Repeat precisely the span of lines below that opens with the line containing "Гигантский эхинококк вытащили" and closes with the line containing "Hollywood Smile | Composite Veneer", both included.

··· Working data ···

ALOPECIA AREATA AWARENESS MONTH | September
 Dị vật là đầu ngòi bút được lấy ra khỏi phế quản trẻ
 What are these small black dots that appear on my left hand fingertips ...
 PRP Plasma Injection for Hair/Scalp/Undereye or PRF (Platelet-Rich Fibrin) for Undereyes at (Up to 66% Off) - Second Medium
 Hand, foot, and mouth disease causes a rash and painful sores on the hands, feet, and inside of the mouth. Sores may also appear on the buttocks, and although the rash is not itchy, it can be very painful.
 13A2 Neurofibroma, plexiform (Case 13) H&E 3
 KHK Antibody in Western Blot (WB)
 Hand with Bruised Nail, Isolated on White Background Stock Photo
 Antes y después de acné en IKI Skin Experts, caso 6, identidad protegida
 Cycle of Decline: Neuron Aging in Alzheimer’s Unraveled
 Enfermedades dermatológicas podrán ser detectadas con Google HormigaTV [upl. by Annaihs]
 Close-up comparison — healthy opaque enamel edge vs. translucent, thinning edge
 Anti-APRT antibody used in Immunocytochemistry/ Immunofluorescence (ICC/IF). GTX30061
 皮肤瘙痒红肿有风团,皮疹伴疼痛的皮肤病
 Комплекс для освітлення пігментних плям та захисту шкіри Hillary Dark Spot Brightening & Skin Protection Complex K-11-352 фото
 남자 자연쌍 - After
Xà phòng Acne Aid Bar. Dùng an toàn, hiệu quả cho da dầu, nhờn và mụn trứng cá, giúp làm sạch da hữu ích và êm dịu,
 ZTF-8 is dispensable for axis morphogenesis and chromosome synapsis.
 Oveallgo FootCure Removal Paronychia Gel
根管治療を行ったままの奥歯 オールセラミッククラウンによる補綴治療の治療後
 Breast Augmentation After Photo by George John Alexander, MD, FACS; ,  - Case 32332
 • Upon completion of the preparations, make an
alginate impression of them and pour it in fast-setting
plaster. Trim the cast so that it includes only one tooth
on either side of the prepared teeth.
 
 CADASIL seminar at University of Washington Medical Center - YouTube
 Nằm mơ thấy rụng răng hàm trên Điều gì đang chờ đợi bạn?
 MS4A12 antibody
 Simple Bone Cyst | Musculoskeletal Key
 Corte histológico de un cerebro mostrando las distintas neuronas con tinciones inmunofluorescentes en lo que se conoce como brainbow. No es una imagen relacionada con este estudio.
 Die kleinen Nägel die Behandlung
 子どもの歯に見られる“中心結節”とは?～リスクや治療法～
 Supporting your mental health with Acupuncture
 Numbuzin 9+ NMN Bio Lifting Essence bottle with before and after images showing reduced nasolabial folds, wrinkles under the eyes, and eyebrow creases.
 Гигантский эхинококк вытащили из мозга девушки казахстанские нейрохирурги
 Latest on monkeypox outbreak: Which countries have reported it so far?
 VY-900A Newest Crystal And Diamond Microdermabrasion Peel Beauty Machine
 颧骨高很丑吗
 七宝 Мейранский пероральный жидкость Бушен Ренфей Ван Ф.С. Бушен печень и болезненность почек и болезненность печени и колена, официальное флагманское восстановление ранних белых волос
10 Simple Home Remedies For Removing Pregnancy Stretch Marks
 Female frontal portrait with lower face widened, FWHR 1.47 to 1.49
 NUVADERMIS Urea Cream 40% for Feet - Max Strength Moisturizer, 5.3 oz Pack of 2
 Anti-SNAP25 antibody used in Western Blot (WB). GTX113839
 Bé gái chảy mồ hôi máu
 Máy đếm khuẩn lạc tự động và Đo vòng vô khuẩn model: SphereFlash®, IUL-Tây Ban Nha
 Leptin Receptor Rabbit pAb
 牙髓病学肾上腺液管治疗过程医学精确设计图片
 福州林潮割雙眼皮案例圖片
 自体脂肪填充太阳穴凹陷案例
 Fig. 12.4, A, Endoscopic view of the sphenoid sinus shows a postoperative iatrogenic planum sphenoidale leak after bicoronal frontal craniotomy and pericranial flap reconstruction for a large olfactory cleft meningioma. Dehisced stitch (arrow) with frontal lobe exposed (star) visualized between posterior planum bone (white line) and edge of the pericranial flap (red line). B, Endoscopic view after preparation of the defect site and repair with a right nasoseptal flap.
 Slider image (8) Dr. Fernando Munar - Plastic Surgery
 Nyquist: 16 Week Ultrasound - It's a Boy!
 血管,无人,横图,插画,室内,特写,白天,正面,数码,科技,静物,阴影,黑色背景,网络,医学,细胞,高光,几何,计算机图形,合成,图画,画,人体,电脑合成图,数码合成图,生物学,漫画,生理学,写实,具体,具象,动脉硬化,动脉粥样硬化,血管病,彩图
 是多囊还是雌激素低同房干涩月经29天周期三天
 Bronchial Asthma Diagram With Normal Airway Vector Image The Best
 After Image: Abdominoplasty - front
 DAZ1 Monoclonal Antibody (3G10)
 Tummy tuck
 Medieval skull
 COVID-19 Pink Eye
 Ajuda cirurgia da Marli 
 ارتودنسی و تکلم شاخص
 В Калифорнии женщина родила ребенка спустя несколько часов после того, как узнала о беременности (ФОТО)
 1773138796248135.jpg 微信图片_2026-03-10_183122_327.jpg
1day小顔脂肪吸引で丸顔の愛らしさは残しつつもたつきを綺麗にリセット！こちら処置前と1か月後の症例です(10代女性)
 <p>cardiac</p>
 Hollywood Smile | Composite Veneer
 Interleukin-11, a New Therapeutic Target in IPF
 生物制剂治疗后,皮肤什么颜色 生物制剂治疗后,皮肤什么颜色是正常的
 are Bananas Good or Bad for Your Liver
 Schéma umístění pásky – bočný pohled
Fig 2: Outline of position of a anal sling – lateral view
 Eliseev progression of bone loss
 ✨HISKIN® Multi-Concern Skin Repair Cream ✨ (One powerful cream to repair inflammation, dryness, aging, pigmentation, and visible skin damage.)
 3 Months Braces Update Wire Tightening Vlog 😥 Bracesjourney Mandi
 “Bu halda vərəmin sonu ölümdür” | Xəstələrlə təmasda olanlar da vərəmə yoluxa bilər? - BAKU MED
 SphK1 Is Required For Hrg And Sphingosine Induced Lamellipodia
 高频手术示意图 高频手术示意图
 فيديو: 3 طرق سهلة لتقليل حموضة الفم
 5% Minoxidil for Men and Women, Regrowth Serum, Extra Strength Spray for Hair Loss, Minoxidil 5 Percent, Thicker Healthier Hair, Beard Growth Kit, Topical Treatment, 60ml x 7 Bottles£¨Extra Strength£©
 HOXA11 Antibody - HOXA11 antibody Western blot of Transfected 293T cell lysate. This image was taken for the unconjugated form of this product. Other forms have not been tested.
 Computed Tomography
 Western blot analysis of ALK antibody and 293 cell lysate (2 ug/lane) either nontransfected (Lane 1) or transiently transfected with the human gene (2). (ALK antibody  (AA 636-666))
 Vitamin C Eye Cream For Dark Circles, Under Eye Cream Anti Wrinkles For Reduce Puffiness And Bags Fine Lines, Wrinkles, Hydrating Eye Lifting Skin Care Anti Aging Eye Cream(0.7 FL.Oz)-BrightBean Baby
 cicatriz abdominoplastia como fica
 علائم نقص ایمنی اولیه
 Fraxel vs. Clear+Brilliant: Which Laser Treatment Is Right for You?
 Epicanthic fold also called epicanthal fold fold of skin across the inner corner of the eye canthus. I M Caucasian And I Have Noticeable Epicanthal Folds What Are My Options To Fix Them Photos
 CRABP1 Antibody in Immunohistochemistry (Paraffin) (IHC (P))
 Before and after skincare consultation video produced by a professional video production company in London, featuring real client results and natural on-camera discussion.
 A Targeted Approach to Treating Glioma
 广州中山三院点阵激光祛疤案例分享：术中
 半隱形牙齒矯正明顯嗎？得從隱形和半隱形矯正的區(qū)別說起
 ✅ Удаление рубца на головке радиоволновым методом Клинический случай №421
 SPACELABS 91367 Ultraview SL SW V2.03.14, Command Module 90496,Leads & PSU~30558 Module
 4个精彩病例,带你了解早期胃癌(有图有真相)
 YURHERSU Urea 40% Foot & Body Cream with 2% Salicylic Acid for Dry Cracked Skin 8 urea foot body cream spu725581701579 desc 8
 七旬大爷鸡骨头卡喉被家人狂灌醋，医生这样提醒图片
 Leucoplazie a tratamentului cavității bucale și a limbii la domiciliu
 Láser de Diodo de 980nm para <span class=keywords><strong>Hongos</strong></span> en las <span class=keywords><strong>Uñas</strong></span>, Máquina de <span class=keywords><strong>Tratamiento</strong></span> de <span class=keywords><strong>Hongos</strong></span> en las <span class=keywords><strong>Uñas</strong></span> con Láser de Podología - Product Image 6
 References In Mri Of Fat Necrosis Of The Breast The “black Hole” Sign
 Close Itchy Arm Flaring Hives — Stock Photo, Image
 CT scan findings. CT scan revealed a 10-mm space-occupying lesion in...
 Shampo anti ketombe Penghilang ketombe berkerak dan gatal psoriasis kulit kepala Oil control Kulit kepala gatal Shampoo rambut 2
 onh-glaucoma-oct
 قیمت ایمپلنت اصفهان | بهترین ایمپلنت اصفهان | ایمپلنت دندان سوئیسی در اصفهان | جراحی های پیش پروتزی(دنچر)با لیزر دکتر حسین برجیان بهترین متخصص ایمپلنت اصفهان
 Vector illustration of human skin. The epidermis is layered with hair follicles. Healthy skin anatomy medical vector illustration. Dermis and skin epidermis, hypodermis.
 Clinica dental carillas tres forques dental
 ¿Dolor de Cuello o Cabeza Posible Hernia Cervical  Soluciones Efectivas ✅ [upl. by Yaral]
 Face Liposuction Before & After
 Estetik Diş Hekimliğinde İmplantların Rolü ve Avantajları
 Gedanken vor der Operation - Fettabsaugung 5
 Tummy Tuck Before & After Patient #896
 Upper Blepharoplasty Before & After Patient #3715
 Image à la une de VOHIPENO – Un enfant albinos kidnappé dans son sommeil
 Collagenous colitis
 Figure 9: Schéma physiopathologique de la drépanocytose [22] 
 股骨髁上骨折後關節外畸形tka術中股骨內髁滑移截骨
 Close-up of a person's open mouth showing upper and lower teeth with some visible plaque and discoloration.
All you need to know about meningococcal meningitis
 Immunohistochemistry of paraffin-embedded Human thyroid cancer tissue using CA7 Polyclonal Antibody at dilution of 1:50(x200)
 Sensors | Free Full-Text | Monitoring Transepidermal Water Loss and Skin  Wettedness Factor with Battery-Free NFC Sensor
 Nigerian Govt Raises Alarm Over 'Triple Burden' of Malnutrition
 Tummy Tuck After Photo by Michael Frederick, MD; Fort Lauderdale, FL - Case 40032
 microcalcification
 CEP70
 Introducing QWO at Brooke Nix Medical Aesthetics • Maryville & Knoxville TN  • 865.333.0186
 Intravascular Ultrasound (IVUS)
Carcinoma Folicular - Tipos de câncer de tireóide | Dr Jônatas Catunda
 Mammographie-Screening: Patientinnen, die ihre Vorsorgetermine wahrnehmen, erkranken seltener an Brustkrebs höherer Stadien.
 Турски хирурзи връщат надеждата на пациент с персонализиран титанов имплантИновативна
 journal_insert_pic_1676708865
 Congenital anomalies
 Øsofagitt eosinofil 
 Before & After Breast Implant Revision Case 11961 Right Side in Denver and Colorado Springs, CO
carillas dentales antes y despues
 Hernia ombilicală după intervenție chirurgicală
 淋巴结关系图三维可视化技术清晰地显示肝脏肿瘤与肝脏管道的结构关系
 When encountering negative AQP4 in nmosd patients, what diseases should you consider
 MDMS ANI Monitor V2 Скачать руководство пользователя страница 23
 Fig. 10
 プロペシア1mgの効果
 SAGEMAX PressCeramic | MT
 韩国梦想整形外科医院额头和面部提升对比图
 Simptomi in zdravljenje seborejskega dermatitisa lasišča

···

* Response box
 Гигантский эхинококк вытащили из мозга девушки казахстанские нейрохирурги
 Latest on monkeypox outbreak: Which countries have reported it so far?
 VY-900A Newest Crystal And Diamond Microdermabrasion Peel Beauty Machine
 颧骨高很丑吗
 七宝 Мейранский пероральный жидкость Бушен Ренфей Ван Ф.С. Бушен печень и болезненность почек и болезненность печени и колена, официальное флагманское восстановление ранних белых волос
10 Simple Home Remedies For Removing Pregnancy Stretch Marks
 Female frontal portrait with lower face widened, FWHR 1.47 to 1.49
 NUVADERMIS Urea Cream 40% for Feet - Max Strength Moisturizer, 5.3 oz Pack of 2
 Anti-SNAP25 antibody used in Western Blot (WB). GTX113839
 Bé gái chảy mồ hôi máu
 Máy đếm khuẩn lạc tự động và Đo vòng vô khuẩn model: SphereFlash®, IUL-Tây Ban Nha
 Leptin Receptor Rabbit pAb
 牙髓病学肾上腺液管治疗过程医学精确设计图片
 福州林潮割雙眼皮案例圖片
 自体脂肪填充太阳穴凹陷案例
 Fig. 12.4, A, Endoscopic view of the sphenoid sinus shows a postoperative iatrogenic planum sphenoidale leak after bicoronal frontal craniotomy and pericranial flap reconstruction for a large olfactory cleft meningioma. Dehisced stitch (arrow) with frontal lobe exposed (star) visualized between posterior planum bone (white line) and edge of the pericranial flap (red line). B, Endoscopic view after preparation of the defect site and repair with a right nasoseptal flap.
 Slider image (8) Dr. Fernando Munar - Plastic Surgery
 Nyquist: 16 Week Ultrasound - It's a Boy!
 血管,无人,横图,插画,室内,特写,白天,正面,数码,科技,静物,阴影,黑色背景,网络,医学,细胞,高光,几何,计算机图形,合成,图画,画,人体,电脑合成图,数码合成图,生物学,漫画,生理学,写实,具体,具象,动脉硬化,动脉粥样硬化,血管病,彩图
 是多囊还是雌激素低同房干涩月经29天周期三天
 Bronchial Asthma Diagram With Normal Airway Vector Image The Best
 After Image: Abdominoplasty - front
 DAZ1 Monoclonal Antibody (3G10)
 Tummy tuck
 Medieval skull
 COVID-19 Pink Eye
 Ajuda cirurgia da Marli 
 ارتودنسی و تکلم شاخص
 В Калифорнии женщина родила ребенка спустя несколько часов после того, как узнала о беременности (ФОТО)
 1773138796248135.jpg 微信图片_2026-03-10_183122_327.jpg
1day小顔脂肪吸引で丸顔の愛らしさは残しつつもたつきを綺麗にリセット！こちら処置前と1か月後の症例です(10代女性)
 <p>cardiac</p>
 Hollywood Smile | Composite Veneer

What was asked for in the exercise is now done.